#### PROBLEM STATEMENT
Find every line of the listing below where "City" appears, and copy it.

[EXTRACTED MATERIAL — start]

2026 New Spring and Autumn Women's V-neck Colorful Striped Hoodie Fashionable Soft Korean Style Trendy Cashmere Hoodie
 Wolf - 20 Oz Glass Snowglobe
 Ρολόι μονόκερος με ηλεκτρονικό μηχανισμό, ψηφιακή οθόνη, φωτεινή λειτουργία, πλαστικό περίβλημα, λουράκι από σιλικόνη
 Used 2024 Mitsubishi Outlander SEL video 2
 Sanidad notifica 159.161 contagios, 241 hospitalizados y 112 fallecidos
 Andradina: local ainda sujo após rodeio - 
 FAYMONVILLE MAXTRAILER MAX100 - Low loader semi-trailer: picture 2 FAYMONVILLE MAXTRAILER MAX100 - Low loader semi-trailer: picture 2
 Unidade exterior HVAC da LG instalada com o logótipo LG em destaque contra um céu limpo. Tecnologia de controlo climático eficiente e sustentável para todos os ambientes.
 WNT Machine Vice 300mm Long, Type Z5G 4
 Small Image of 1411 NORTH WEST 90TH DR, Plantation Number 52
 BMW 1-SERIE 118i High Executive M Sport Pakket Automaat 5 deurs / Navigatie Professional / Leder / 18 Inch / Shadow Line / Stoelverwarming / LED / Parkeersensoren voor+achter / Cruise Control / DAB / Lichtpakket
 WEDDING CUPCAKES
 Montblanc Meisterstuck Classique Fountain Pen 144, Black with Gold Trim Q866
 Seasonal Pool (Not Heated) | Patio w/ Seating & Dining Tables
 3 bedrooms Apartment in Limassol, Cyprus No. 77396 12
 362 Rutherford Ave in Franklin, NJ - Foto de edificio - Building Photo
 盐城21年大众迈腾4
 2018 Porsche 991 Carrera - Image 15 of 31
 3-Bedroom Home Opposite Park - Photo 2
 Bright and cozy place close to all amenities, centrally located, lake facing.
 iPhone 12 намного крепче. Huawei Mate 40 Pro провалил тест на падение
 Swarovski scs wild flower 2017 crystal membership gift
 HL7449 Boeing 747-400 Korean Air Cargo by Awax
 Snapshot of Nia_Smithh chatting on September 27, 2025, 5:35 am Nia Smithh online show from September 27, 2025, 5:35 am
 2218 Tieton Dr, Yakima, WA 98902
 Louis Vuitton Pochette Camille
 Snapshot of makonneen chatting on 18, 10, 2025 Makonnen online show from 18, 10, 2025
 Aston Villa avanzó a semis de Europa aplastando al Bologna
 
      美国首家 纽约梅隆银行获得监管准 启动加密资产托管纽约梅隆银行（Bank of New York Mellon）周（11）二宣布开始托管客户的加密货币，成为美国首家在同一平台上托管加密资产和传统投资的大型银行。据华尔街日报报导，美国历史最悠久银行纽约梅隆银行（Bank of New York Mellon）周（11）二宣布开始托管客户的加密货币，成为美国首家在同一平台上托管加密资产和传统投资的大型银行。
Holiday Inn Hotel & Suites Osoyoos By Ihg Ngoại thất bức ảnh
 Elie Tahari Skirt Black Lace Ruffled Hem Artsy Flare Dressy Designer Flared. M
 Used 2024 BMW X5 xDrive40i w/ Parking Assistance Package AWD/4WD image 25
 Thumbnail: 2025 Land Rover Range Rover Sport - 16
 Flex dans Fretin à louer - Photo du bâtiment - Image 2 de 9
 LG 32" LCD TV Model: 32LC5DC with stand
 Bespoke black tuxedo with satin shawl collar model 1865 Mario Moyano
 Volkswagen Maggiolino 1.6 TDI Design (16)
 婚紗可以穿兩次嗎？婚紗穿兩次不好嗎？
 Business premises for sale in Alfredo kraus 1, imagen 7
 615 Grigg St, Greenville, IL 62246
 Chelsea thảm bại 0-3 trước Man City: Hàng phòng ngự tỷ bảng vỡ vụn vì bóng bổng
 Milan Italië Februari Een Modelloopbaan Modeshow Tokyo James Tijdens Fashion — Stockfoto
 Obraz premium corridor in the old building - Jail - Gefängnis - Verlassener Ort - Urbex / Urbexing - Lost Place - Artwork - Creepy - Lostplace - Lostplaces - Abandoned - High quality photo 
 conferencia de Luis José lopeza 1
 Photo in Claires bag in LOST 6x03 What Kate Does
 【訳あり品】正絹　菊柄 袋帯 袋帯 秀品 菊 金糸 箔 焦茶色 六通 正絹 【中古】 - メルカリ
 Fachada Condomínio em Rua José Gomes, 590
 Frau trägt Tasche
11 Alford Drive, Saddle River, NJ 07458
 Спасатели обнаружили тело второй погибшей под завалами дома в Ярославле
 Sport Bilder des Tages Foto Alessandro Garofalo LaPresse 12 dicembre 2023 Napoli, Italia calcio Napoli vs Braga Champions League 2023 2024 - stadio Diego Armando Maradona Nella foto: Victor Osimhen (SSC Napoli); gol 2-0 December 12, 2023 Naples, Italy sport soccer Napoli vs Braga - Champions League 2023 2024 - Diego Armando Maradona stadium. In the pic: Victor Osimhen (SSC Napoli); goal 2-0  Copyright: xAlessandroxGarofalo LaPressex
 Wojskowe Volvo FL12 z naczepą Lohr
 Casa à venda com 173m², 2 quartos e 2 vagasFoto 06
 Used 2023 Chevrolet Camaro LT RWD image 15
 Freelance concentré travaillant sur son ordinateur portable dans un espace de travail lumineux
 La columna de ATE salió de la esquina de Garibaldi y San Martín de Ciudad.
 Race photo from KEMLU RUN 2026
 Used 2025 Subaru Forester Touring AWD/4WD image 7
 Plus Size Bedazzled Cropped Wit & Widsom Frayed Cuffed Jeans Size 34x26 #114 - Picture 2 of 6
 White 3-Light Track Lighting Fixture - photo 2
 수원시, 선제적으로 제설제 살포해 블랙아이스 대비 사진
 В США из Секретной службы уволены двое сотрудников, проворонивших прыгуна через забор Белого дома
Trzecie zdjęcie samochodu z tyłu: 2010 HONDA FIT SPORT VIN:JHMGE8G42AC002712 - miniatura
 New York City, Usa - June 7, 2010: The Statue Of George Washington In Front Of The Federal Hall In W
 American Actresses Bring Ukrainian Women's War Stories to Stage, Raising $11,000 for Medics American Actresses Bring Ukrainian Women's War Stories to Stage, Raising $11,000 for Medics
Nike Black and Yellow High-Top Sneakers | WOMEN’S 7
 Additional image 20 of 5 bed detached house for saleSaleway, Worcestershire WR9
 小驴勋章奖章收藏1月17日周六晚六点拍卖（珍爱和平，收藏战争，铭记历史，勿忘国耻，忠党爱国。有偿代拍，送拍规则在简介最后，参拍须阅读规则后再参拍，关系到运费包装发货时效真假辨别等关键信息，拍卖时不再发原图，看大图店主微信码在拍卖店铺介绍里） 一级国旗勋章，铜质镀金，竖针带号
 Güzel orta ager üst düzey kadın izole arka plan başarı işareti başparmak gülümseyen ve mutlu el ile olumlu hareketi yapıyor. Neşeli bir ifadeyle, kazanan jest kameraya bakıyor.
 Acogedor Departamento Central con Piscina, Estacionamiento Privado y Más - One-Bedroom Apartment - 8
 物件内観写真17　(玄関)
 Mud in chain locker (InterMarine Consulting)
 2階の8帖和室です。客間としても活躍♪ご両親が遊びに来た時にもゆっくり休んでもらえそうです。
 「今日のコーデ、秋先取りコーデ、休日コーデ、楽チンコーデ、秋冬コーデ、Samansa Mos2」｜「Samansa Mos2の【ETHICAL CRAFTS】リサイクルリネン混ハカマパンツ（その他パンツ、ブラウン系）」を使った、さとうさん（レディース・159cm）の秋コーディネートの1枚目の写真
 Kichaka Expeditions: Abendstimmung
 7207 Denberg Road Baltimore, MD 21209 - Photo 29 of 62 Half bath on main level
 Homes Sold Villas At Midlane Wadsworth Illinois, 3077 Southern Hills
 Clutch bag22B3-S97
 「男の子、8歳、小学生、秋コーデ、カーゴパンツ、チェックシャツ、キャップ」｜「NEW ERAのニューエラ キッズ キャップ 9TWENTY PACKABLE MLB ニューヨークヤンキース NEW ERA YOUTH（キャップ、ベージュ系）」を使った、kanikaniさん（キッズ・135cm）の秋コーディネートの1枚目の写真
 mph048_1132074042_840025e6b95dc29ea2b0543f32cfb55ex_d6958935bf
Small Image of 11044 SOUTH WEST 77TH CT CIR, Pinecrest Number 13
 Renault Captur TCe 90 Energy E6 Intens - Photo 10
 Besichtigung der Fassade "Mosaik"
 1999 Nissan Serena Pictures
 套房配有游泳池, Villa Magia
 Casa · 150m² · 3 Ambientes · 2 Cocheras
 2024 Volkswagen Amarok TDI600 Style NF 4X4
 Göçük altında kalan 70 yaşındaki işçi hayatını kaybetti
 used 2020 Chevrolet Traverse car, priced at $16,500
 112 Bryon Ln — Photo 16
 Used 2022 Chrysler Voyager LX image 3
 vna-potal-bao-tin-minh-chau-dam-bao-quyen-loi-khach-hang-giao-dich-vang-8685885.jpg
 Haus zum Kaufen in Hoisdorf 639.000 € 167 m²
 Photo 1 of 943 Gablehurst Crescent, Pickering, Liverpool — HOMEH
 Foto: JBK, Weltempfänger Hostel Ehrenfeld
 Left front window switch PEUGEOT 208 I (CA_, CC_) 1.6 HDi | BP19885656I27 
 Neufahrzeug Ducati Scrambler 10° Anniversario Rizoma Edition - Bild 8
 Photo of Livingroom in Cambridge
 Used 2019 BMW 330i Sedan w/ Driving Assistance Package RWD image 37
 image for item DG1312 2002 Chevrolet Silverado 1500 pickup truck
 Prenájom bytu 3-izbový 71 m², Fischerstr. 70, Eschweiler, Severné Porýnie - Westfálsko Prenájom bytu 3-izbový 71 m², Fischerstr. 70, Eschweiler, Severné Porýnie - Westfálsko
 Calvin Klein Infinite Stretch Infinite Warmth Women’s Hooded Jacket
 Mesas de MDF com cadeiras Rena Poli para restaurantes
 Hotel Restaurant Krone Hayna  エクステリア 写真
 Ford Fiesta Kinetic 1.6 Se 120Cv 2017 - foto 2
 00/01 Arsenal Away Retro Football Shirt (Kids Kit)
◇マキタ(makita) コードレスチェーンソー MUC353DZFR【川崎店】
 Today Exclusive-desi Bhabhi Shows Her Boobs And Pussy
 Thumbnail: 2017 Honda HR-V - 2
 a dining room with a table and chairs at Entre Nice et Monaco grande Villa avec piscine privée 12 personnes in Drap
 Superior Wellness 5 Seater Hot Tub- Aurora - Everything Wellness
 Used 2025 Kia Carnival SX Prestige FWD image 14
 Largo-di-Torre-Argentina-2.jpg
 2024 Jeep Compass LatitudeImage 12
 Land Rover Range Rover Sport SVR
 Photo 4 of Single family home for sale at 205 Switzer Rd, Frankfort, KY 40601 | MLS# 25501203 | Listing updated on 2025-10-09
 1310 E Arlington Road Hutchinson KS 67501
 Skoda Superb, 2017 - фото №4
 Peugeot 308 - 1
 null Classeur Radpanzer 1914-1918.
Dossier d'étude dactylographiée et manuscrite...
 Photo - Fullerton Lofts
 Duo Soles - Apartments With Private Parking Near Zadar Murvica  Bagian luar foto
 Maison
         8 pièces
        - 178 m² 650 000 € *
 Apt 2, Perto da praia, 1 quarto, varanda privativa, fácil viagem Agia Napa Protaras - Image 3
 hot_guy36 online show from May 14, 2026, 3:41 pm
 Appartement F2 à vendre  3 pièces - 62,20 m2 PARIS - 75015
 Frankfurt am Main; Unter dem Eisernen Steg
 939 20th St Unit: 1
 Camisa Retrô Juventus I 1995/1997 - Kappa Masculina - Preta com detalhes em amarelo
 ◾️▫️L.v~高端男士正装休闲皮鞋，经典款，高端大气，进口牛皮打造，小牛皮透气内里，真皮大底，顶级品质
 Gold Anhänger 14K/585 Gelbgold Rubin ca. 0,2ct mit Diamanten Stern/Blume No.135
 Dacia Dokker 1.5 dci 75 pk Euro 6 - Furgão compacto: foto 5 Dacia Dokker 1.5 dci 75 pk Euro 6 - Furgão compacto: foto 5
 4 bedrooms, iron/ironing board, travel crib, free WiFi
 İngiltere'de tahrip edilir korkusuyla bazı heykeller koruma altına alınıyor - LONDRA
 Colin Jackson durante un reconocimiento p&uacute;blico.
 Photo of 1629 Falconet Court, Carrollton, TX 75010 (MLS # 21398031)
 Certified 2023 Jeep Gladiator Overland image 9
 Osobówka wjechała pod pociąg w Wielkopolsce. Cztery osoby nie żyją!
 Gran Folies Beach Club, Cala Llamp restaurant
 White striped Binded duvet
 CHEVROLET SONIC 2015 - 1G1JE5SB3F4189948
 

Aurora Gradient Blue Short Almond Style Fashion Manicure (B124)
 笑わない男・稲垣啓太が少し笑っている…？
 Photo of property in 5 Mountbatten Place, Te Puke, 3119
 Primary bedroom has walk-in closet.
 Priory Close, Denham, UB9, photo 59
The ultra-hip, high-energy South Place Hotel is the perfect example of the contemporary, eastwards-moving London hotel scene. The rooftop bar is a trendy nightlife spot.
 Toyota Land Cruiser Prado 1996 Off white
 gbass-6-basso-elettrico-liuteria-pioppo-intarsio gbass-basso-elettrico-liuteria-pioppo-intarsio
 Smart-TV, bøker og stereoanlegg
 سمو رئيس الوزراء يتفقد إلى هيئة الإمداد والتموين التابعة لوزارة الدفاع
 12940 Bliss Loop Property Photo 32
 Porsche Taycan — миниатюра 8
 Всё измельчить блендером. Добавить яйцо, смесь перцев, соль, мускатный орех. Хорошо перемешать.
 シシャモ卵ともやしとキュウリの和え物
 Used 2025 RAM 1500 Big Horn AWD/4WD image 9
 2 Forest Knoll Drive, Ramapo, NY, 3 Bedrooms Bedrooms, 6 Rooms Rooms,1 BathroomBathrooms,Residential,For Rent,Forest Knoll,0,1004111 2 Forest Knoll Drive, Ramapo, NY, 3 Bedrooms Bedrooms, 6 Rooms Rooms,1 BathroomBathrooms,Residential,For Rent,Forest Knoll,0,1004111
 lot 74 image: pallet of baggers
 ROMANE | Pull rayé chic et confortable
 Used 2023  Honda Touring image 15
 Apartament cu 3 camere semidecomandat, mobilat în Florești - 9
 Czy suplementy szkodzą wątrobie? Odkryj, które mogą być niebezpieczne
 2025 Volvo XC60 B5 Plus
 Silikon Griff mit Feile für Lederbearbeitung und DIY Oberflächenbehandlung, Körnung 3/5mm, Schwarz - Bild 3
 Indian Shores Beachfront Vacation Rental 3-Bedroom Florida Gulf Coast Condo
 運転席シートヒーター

[EXTRACTED MATERIAL — finish]

#### SOLUTION TO THE EXERCISE
 Chelsea thảm bại 0-3 trước Man City: Hàng phòng ngự tỷ bảng vỡ vụn vì bóng bổng
 New York City, Usa - June 7, 2010: The Statue Of George Washington In Front Of The Federal Hall In W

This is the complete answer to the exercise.